Sabato canterà al LAC, tappa elvetica della tournée che lo sta portando in mezza Italia. Con la chitarra e quella sua voce roca dove ti sembra di ascoltare le rughe scavate dal tempo e dal vento; e soprattutto con le storie che riemergono da un passato popolare e contadino e che oggi appassionano al dialetto non solo azzimati nostalgici ma tanti, tantissimi giovani le cui frequentazioni musicali passano normalmente da smartphone e playlist.
È il miracolo di Davide Van De Sfroos, al secolo Bernasconi, che ha conquistato l’Italia tutta, isole comprese, a colpi di accordi e dialetto laghée, la lingua di quel fazzoletto di terra attorno a Tremezzina che si specchia nel Lago di Como. «È un successo che sorprende anche me; non volevo fare il musicista, a me interessava raccontare storie, soprattutto le storie che avevo ascoltato da piccolo. Alle medie ero il Davide che racconta storie, crescendo ho capito che se avessi messo le storie in un libro non se le sarebbe filate nessuno, forse la musica poteva essere un canale più efficace». Lo è stato. La Ninna nanna del contrabbandiere, Sciur Capitan, Il figlio di Guglielmo Tell sono diventati dei successi clamorosi, assieme a tanti altri titoli, da Yanez a 40 pass.
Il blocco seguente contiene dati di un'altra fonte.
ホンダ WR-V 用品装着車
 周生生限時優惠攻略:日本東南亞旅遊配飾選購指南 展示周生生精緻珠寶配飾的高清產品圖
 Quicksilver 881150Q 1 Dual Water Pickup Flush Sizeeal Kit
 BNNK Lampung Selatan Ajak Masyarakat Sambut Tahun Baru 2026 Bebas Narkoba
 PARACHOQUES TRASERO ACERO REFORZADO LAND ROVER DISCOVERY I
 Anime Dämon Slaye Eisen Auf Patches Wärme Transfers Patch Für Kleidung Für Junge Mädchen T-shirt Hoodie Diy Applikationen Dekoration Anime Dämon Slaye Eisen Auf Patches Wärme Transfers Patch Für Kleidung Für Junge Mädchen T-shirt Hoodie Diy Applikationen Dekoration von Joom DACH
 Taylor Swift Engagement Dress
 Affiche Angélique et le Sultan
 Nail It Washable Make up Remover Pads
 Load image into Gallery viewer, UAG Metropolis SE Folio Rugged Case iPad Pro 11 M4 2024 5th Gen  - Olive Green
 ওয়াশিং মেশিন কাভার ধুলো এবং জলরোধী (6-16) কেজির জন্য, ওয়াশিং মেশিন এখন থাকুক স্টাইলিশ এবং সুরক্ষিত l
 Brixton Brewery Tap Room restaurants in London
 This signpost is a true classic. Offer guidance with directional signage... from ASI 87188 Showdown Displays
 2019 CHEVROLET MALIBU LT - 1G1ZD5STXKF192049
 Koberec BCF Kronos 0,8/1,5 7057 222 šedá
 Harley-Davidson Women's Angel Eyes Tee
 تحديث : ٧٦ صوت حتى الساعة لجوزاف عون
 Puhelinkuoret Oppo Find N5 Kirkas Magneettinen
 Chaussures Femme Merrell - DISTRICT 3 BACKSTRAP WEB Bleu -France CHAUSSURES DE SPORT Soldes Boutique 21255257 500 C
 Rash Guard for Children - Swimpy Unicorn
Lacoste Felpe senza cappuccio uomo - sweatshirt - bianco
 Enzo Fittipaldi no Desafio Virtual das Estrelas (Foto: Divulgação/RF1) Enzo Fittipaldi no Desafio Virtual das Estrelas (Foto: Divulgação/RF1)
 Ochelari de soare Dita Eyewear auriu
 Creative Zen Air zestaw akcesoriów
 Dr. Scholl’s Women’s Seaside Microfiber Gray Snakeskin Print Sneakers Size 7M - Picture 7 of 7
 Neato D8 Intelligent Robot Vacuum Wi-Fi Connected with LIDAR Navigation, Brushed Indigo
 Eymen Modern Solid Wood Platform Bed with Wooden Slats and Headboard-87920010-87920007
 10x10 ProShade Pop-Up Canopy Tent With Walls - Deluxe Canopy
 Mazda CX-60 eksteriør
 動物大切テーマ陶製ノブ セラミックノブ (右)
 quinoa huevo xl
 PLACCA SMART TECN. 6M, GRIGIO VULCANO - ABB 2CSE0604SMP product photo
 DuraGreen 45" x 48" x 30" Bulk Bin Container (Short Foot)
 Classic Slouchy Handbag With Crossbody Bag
Sembrava un azzardo la scelta del dialetto: «Il mio punto di partenza era il desiderio di raccontare e siccome le storie appartenevano a cent’anni fa le volevo narrare “in lingua originale”: il dialetto mi sembrava più naturale». Van De Sfroos ha 53 anni, non 80: «Infatti ho incontrato il mondo dei contrabbandieri e dei contadini quando ne avevo 5-6: zie e nonne mi portavano nelle case dei loro amici e loro, quando vedevano un bimbetto che invece di uscire a giocare a pallone stava lì a sentirli, aprivano gli armadi della memoria e non smettevano più di raccontare. E io di ascoltare. Tutte le mie canzoni ripetono storie intere o mettono insieme parole sentite, cose e persone viste. Non ho mai conosciuto la Figlia del capitano, ma ho visto più ragazze sposarsi con “quello là” contro il parere dei genitori e degli amici perché sembrava uno scapestrato e chissà come va a finire; e invece sono ancora insieme e si vogliono bene, mentre certi matrimoni perfetti sono finiti dopo mesi».
Non poteva aver sentito raccontare del figlio di Guglielmo Tell preoccupato perché papà, prima di tirare la freccia («non si potrebbe usare un melone?» chiede), «süta a bef bira», e poi un po’ imbronciato perché nessuno si ricorda il suo nome, solo quello di papà. «Ogni tanto è bello giocare con la fantasia. Ad esempio Sugamara mi è venuta in mente pensando a un uomo incredibile che veniva in paese, faceva la doccia in mezzo alla strada e dormiva in una chiesa sconsacrata, poi scompariva come era arrivato; non ci potevi parlare, non era mai abbastanza lucido per rispondere; lo guardavo e ho voluto immaginare quel che a occhio non si vedeva».
È stata la mamma a raccontargli del contrabbandiere cui ha dedicato la Ninna nanna: «Da piccola andava da un’amica il cui padre usciva vestito in modo strano quando ormai era notte; sua moglie si affacciava alla finestra e lo accompagnava con una preghiera. Mi è venuto da pensare alla moglie del finanziere che in un’altra casa salutava il marito con lo stesso sguardo e probabilmente la stessa preghiera».
Non è raro nelle canzoni l’accenno a una preghiera: «Oggi sembra qualcosa di astratto, ma quando entro nelle chiesette di montagna e vedo gli inginocchiatoi di legno levigati dai fedeli che si sono piegati su di essi, capisco che la preghiera lascia il segno, seppur silenziosamente e lentamente. È il nostro modo di anelare, quando non siamo sepolti da troppe cose, a quell’infinito di cui siamo parte, è il riconoscere il mistero della realtà. Per gli antichi la luce era un dono degli dei, poi la scienza ha scoperto i fotoni; ma io oggi, pur sapendo dei fotoni, non posso non vedere la luce ancora come un miracolo. Ed è un miracolo il fatto che io ci sia e in questo momento stia parlando».